"Pedófilo não é ungido": Pastora Helena Raquel convoca fiéis a denunciarem abusos em templos
| Foto: Reprodução/ Print de vídeo Instagram Helena Raquel |
Em um dos momentos mais marcantes e contundentes do 41º Congresso Internacional de Missões dos Gideões Missionários da Última Hora, a pastora Helena Raquel utilizou o púlpito para confrontar um dos temas mais sensíveis e silenciados dentro das instituições religiosas: o abuso sexual cometido por líderes espirituais.
Durante sua pregação em Camboriú,
a religiosa não poupou palavras ao defender que o "manto" ministerial
não pode servir de escudo para criminosos. Segundo a pastora, a proteção à
vítima e a busca pela justiça devem prevalecer sobre qualquer hierarquia
eclesiástica.
O fim do silêncio
Com um tom firme, Helena Raquel
direcionou sua fala diretamente aos pais e responsáveis, instando-os a não
hesitar diante de suspeitas ou relatos de crimes contra crianças e adolescentes
dentro da igreja.
"Você tem que entender
que pedófilo não é ungido! Pedófilo é criminoso. Pai, mãe, levanta dessa
igreja, vai fazer uma denúncia agora!", bradou a pastora sob forte
atenção do público.
Incompatibilidade de funções
A declaração tocou em um ponto
central da crise de imagem que muitas denominações enfrentam ao tentar
"resolver internamente" casos de polícia. Para Helena Raquel, é
impossível que uma mesma pessoa ocupe o papel de guia espiritual e de predador
sexual.
- A distinção clara: "Não existe
capacidade de se encontrar na mesma figura um pastor e um abusador. Ou é
pastor, ou é abusador!", afirmou.
- Acolhimento à vítima: Ela reforçou a
necessidade de acreditar no relato das crianças, aconselhando os fiéis a
abandonarem congregações que tentam desacreditar a fala dos menores para
proteger a liderança.
Repercussão
O Congresso dos Gideões é
considerado um dos maiores eventos pentecostais do mundo, atraindo milhares de
pessoas anualmente. A fala de Helena Raquel repercutiu imediatamente nas redes
sociais, sendo vista por muitos como um divisor de águas necessário para o
rompimento do "corporativismo religioso".

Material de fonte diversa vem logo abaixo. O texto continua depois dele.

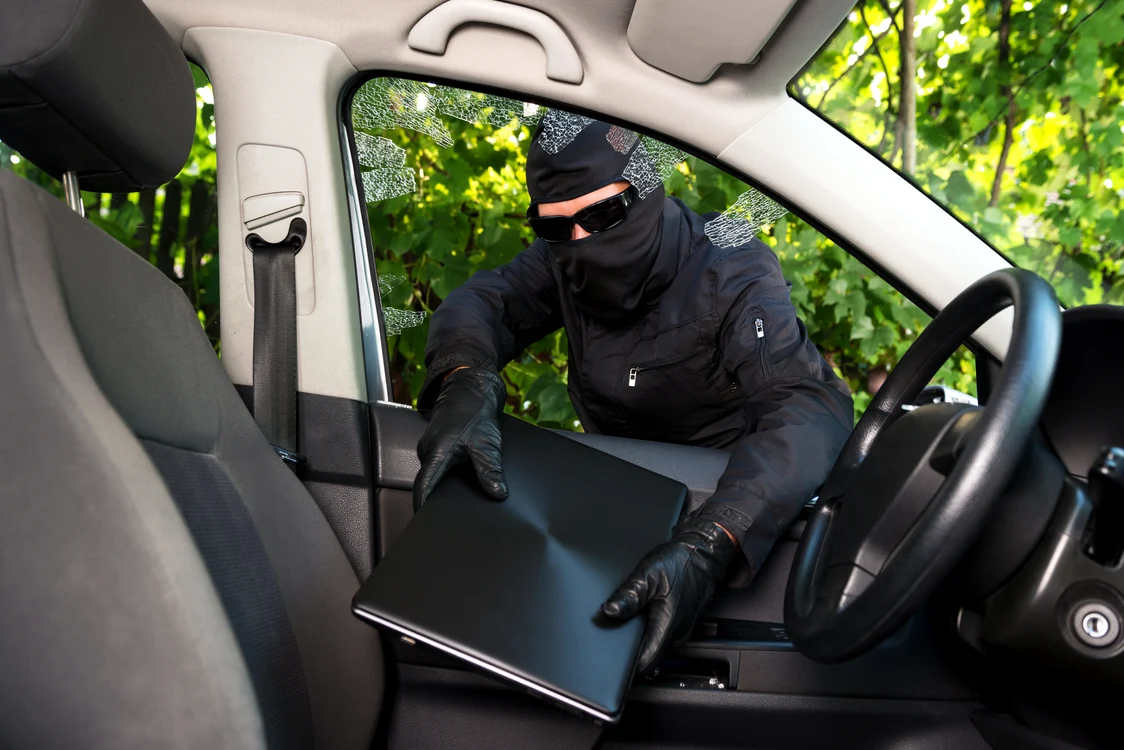 Laptop furat. FOTO Shutterstock
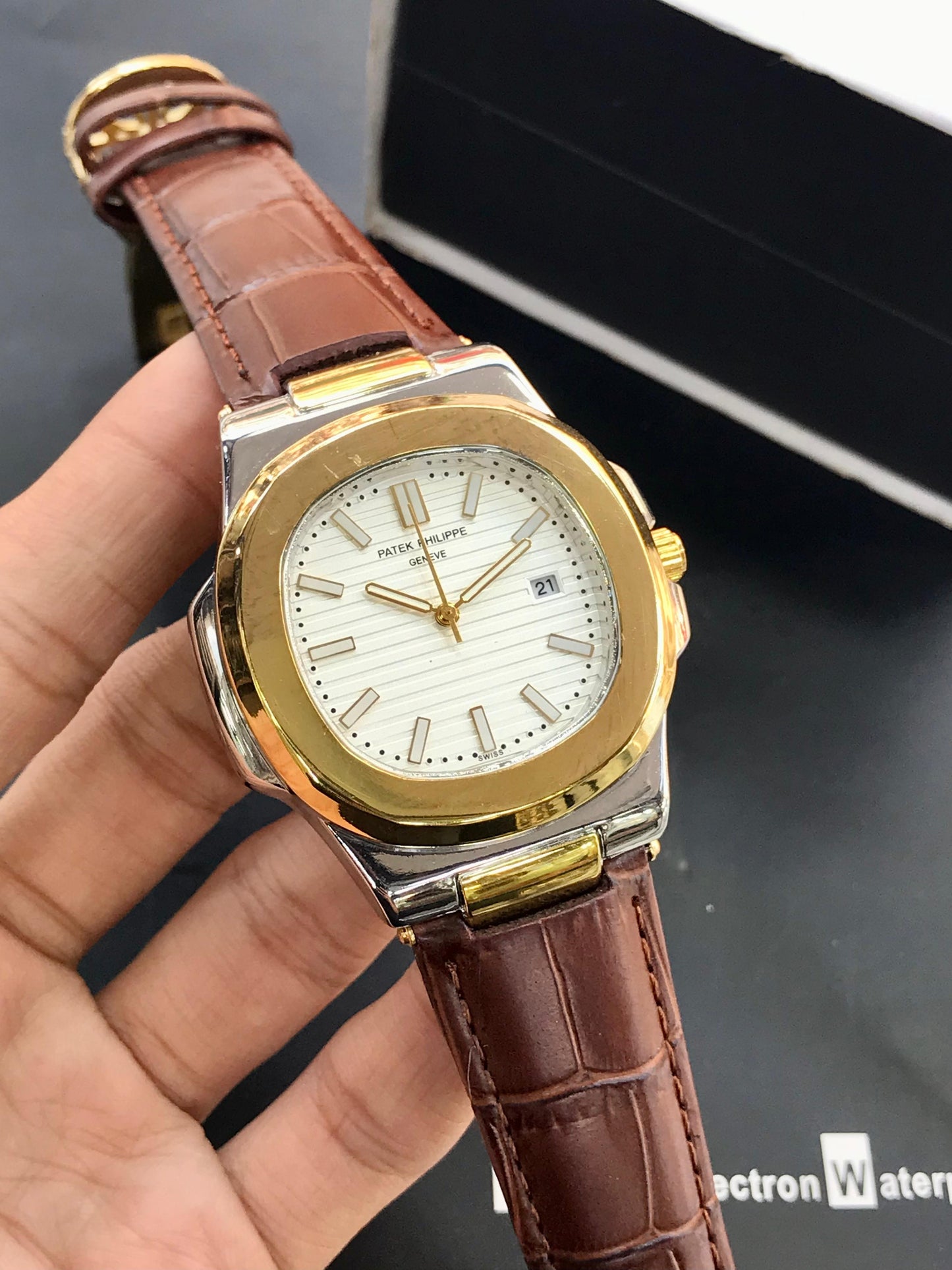 PATEK PHILIPPHE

Outro destaque da pregação foi o alerta incisivo voltado às mulheres vítimas de violência doméstica, reforçando a necessidade de proteção e conscientização.
Ao abordar o tema da violência doméstica, a pastora enfatizou que a igreja não pode mais se omitir, pois nenhum chamado ou unção justifica abusos ou agressões; quem violenta não representa a Deus e deve ter seu pecado confrontado em vez de protegido. É fundamental compreender que agressores e opressores, independentemente do cargo que ocupam, não exercem autoridade espiritual genuína, o que torna o silêncio da vítima ou da testemunha uma barreira para a cura. Por isso, a orientação é clara: não se cale e denuncie pelos canais 100 ou 180, para que a igreja volte a ser um lugar de refúgio e libertação, lembrando sempre que onde há verdade, há liberdade.
Canais de Denúncia: Se você suspeita de qualquer crime contra crianças ou adolescentes, disque 100 (Disque Direitos Humanos) ou procure o Conselho Tutelar e a delegacia mais próxima. A denúncia pode ser anônima.